GIVEN RECORDS =>
------
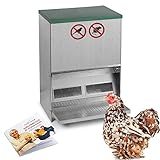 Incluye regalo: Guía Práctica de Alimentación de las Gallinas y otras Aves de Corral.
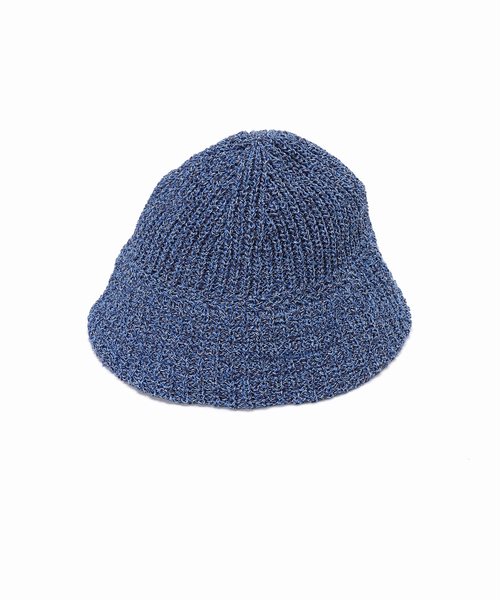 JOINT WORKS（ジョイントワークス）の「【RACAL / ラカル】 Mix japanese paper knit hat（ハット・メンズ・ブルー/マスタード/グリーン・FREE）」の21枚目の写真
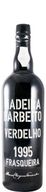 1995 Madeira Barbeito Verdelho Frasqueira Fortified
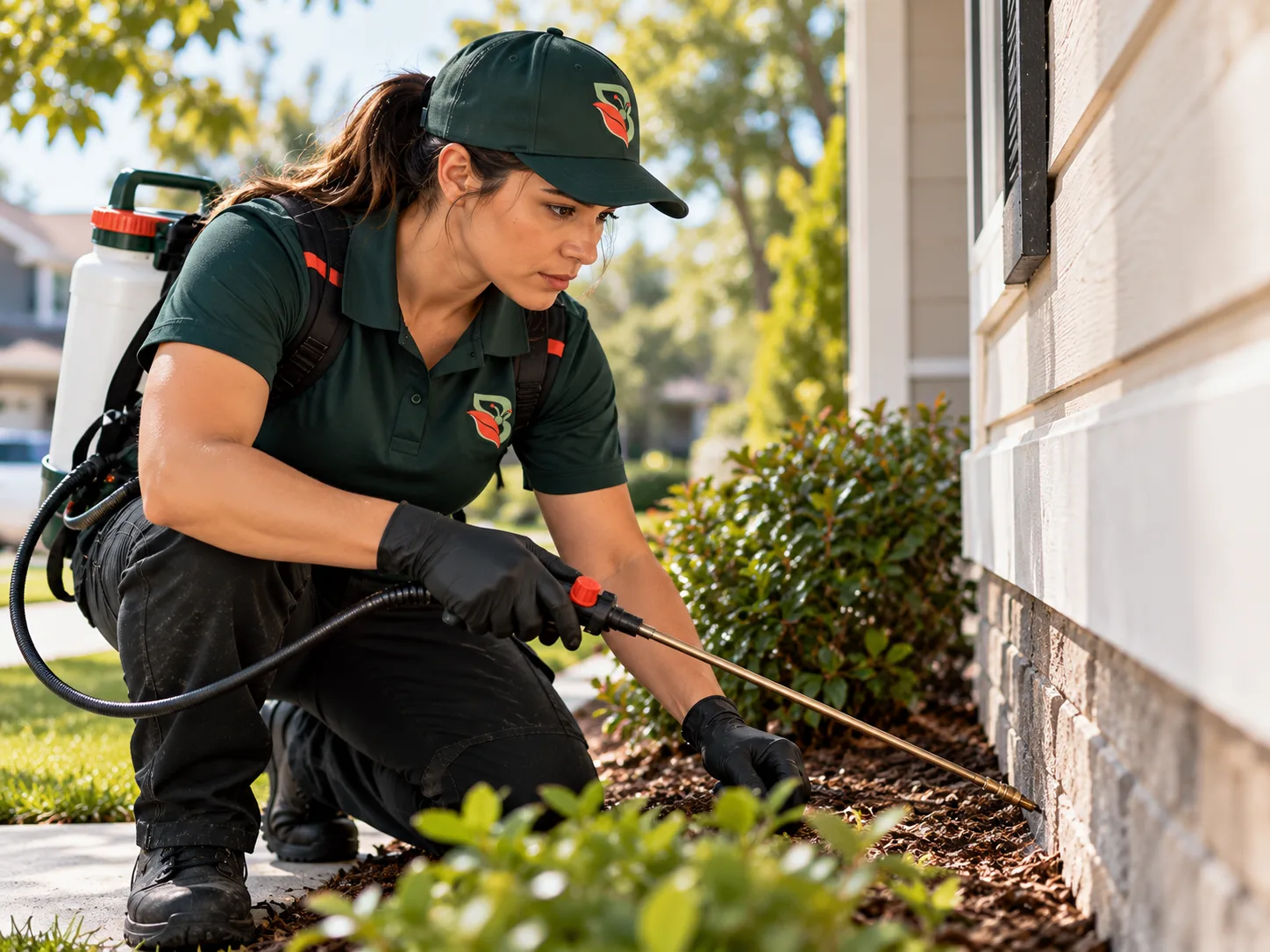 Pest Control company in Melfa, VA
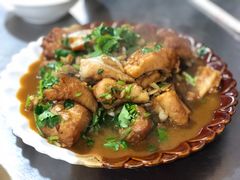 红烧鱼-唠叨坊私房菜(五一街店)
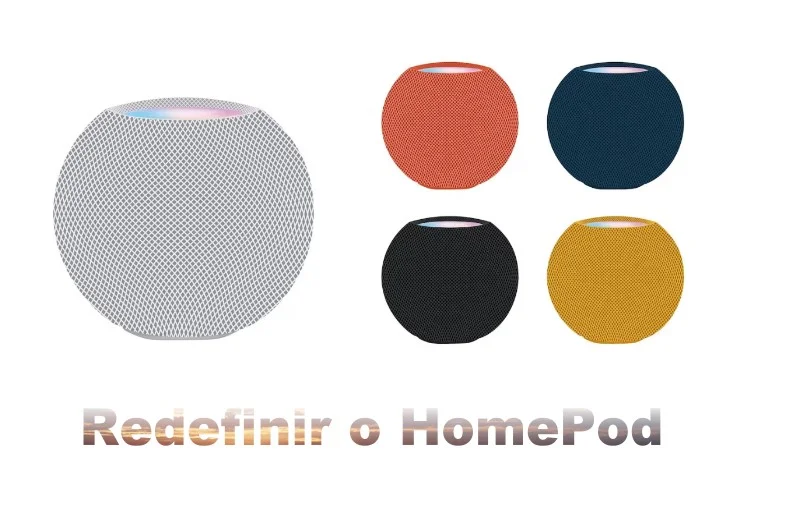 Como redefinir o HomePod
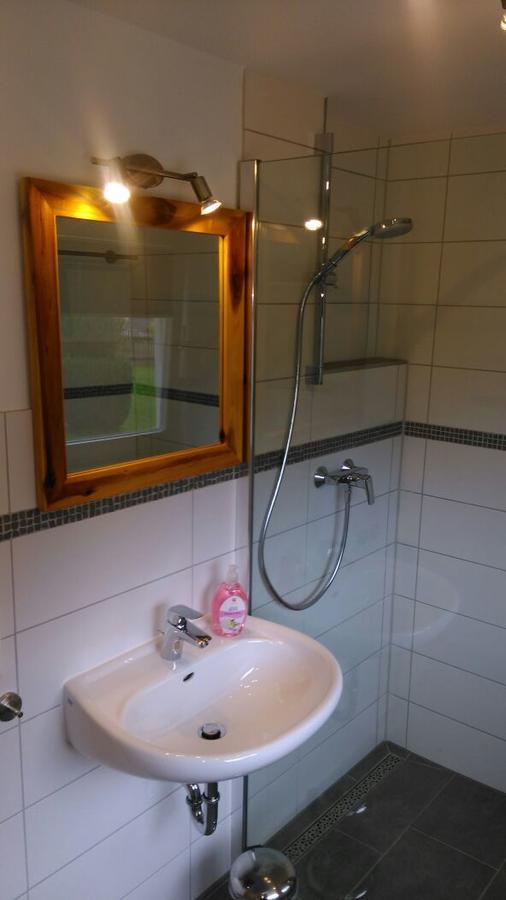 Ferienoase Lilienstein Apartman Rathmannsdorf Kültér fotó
------
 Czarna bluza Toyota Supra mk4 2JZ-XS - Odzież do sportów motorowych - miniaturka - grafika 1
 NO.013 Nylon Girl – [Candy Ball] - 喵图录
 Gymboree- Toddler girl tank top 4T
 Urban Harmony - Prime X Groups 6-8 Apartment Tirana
------
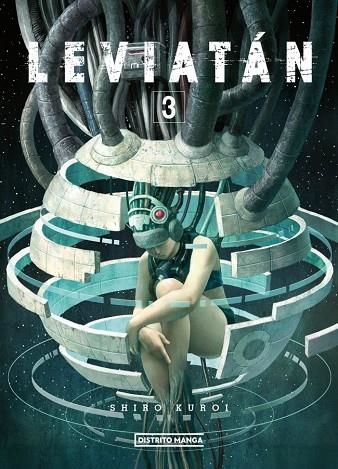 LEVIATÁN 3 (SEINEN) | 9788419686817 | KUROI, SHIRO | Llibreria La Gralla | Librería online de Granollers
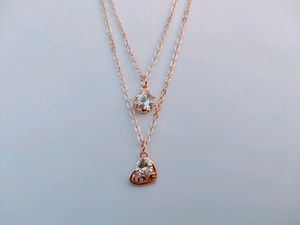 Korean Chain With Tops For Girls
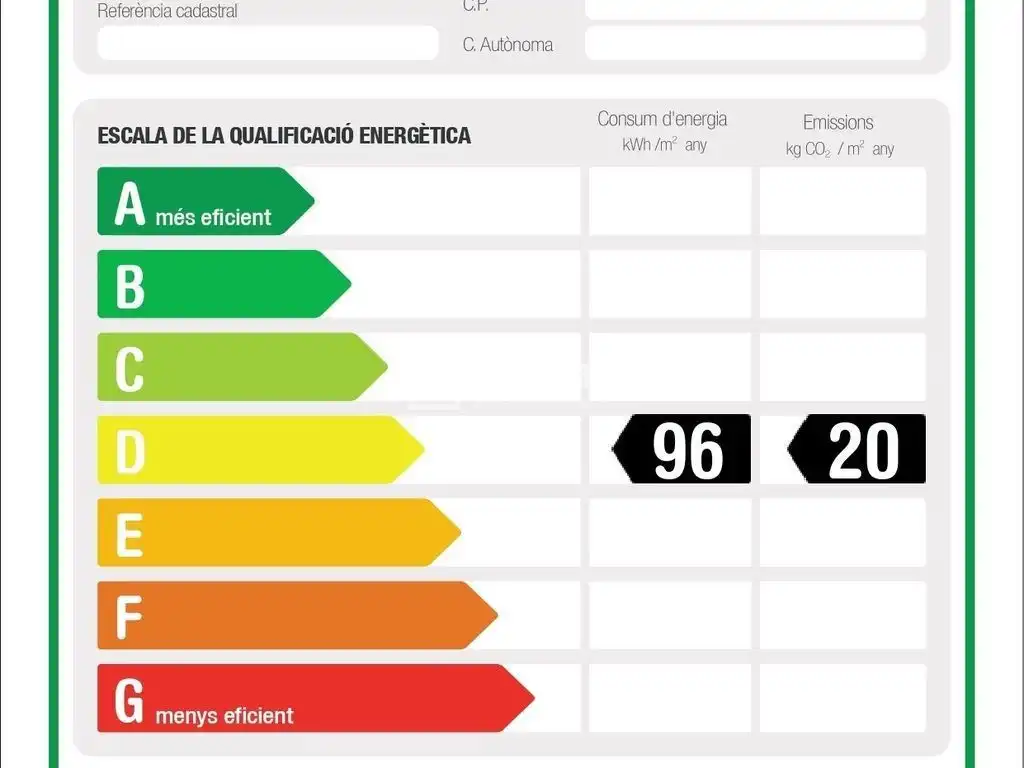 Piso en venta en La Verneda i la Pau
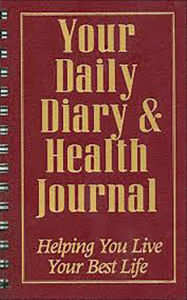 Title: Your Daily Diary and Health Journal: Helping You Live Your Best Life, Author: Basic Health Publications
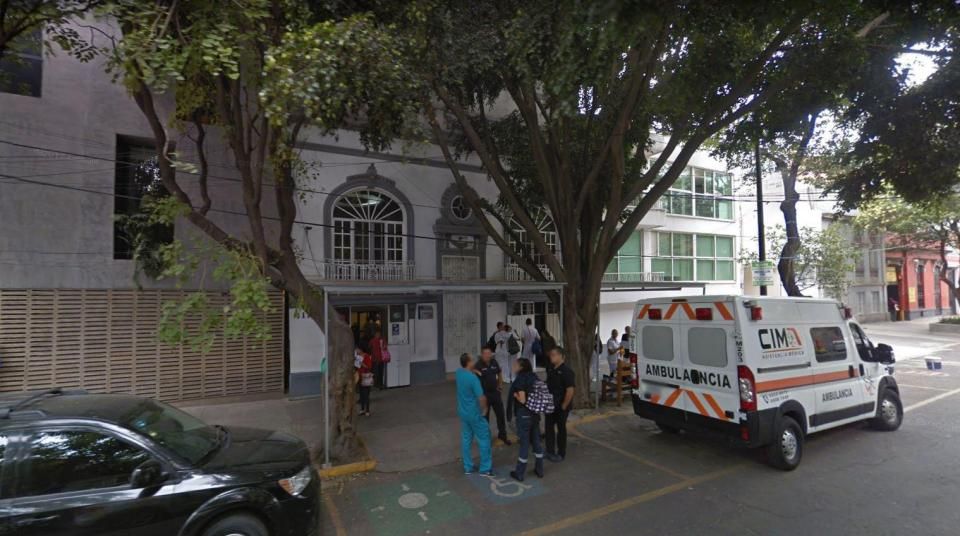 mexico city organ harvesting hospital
------
AIM OF THE TASK =>
Copy the entries above exactly, but only from the line holding "Gymboree- Toddler girl tank top 4T" through the line holding "Urban Harmony - Prime", both included.

EXERCISE ANSWER =>
 Gymboree- Toddler girl tank top 4T
 Urban Harmony - Prime X Groups 6-8 Apartment Tirana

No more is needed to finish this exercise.